At the highest level is the main Windows API, which is also referred to as the Win32 API. Note that this is for historical reasons, today it also refers to 64-bit systems. This is the documented interface - the one you are “supposed to” use, at least officially, according to Microsoft.

So when developers create applications they typically call functions in the Win32 API directly. At least traditionally that was the case, today, it’s probably more common to use the .NET framework - see below.

Now depending on the type of operation the function performs, either one of two things will happen:

  • If it’s a non-privileged operation like performing calculations, or manipulating data structures in memory, then the operation is typically performed by code within the Win32 DLLs themselves.
  • If it’s a privileged operation, then the request has to be “forwarded” to the kernel via ntdll.dll.

Native API

Below the Windows API is the Native API, implemented by ntdll.dll. As I just mentioned, if the Windows API wants to perform a privileged operation - let’s say create a new network socket, or delete a file from disk - it has to go through ntdll.dll in order to “request permission” from the kernel.

This might seem odd, why do we need this bridge? I mean why did the Windows designers create it, why not just allow Win32 API function to make the request directly to the kernel? Aside from a few functional/security benefits, please recall that earlier I shared that initially there were 3 Subsystem APIs - the Windows, POSIX, and OS/2.

This design thus made much more sense in terms of historical context, since it would have been a poor design choice to let each of the 3 subsystems interface with the kernel directly, ntdll.dll was created as the sort of “universal bridge” to the kernel. Though the other 2 subsystems eventually went by the wayside, the overall design was maintained because it still has benefits (mostly related to security), and changing it would break backwards compatibility.

So whereas the Windows API function signatures are documented, those in the Native API are undocumented. At least officially - Microsoft does not share them since they want to retain the right to be able to change them in a way that can break backward compatibility. So essentially - you can use them, but if they stop working Microsoft’s stance is that you cannot complain since you were not “supposed to” be using them.

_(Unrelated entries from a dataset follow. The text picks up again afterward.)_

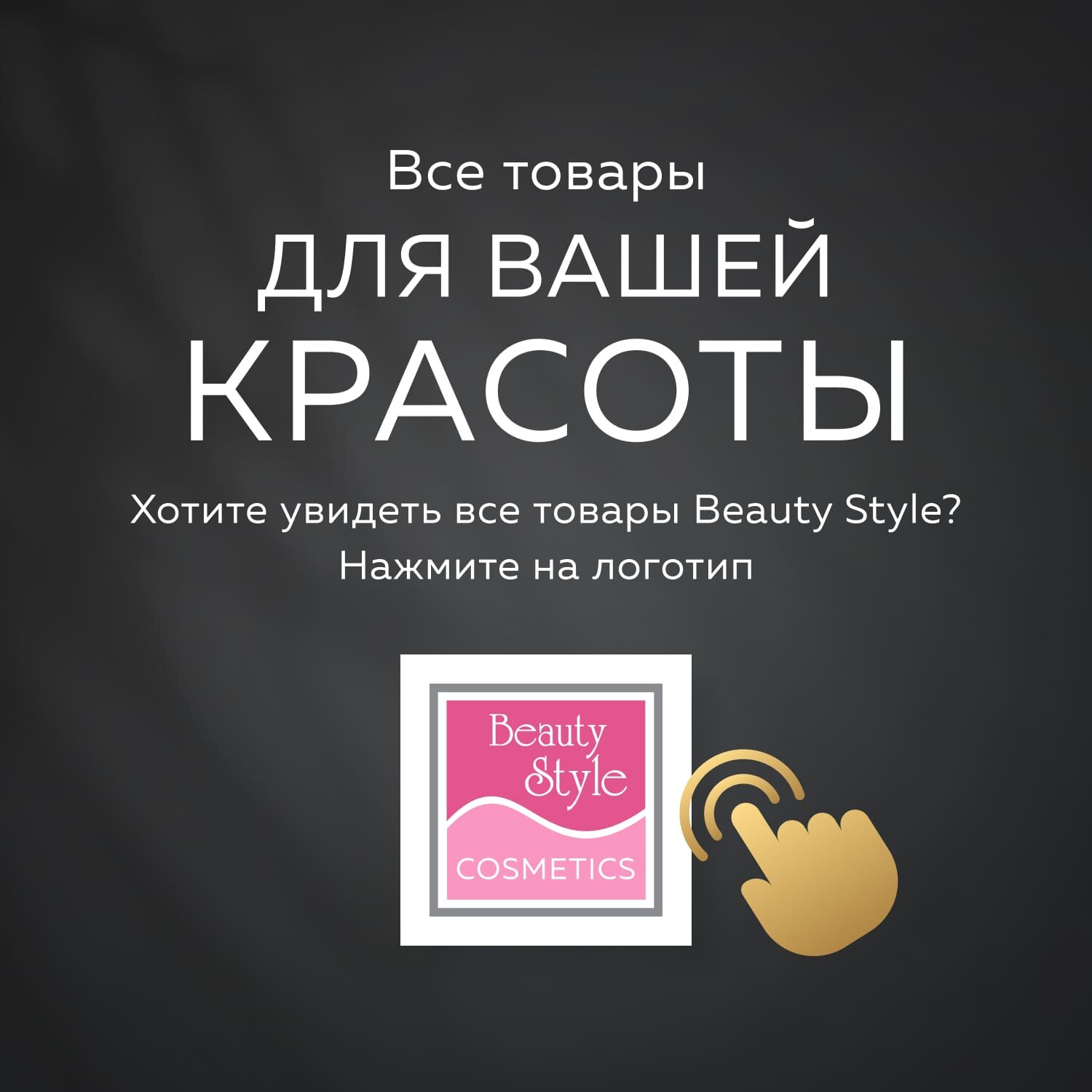 BEAUTY STYLE Сыворотка омолаживающая Матриксил / Beauty Style 50 мл - фото №15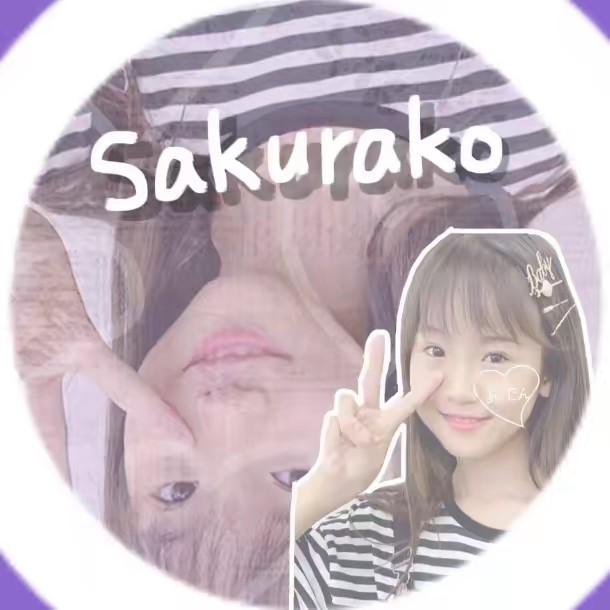 さくンちょ🍀🔫✨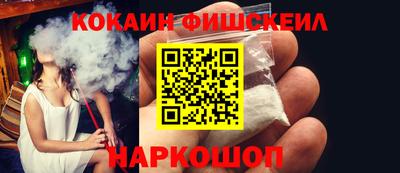 дживик Краснознаменск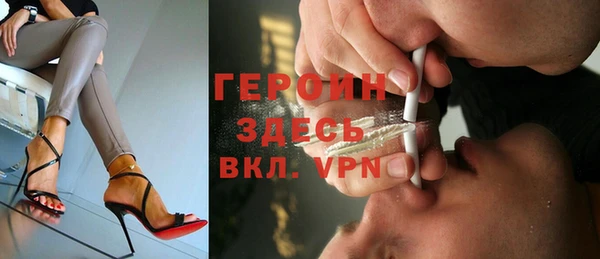 спайс Каменногорск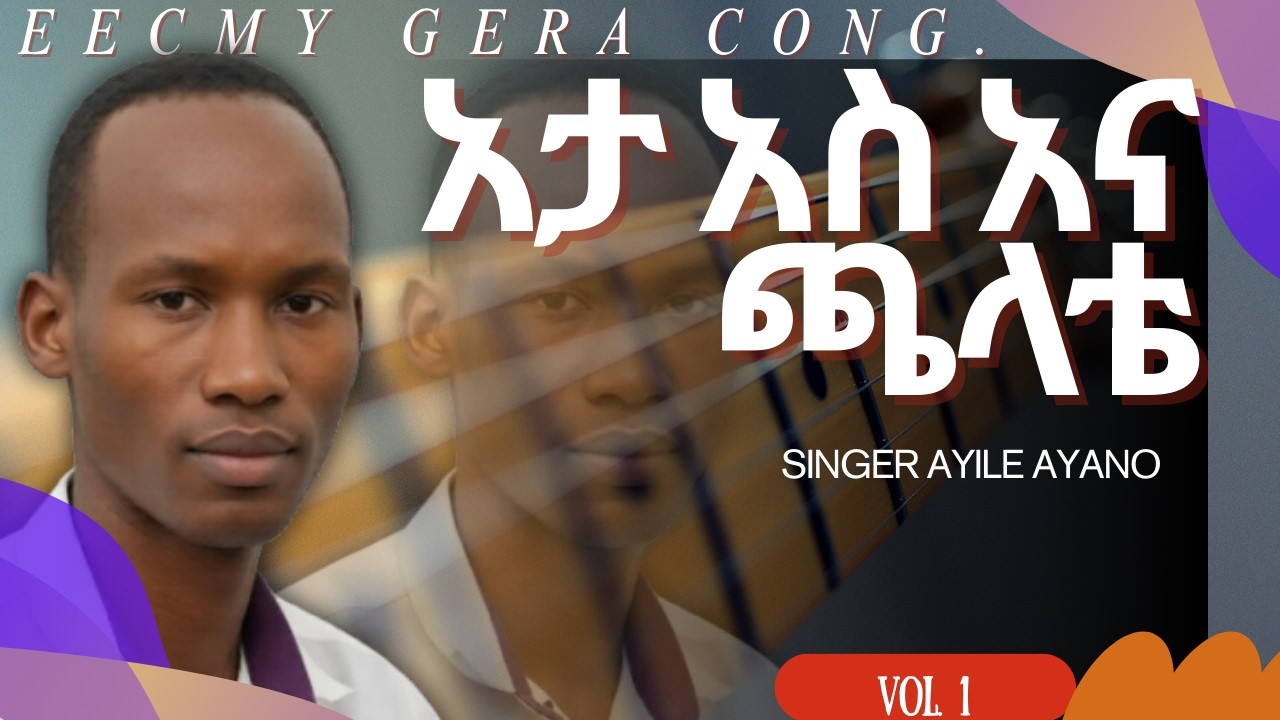 AYILE AYANO – አታ አስ አና ጫላቴ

So if they are undocumented, how do we know how to use them? Meaning, how do we know what arguments they take, what their return values and types are etc? Well, as I said they are officially undocumented by Microsoft, but you can find unofficial documentation quite easily online. There are other ways too, but that’s a discussion for another time and place.

System Service Dispatch Table (SSDT)

Before we get to the kernel, let’s discuss the System Service Dispatch Table (SSDT). While not a software layer itself, the SSDT is a critical internal kernel structure. The Native API in ntdll.dll relies on this mechanism for its calls to reach the correct kernel services. When a Native API function prepares to call its “kernel equivalent,” it doesn’t identify the service by name for the kernel.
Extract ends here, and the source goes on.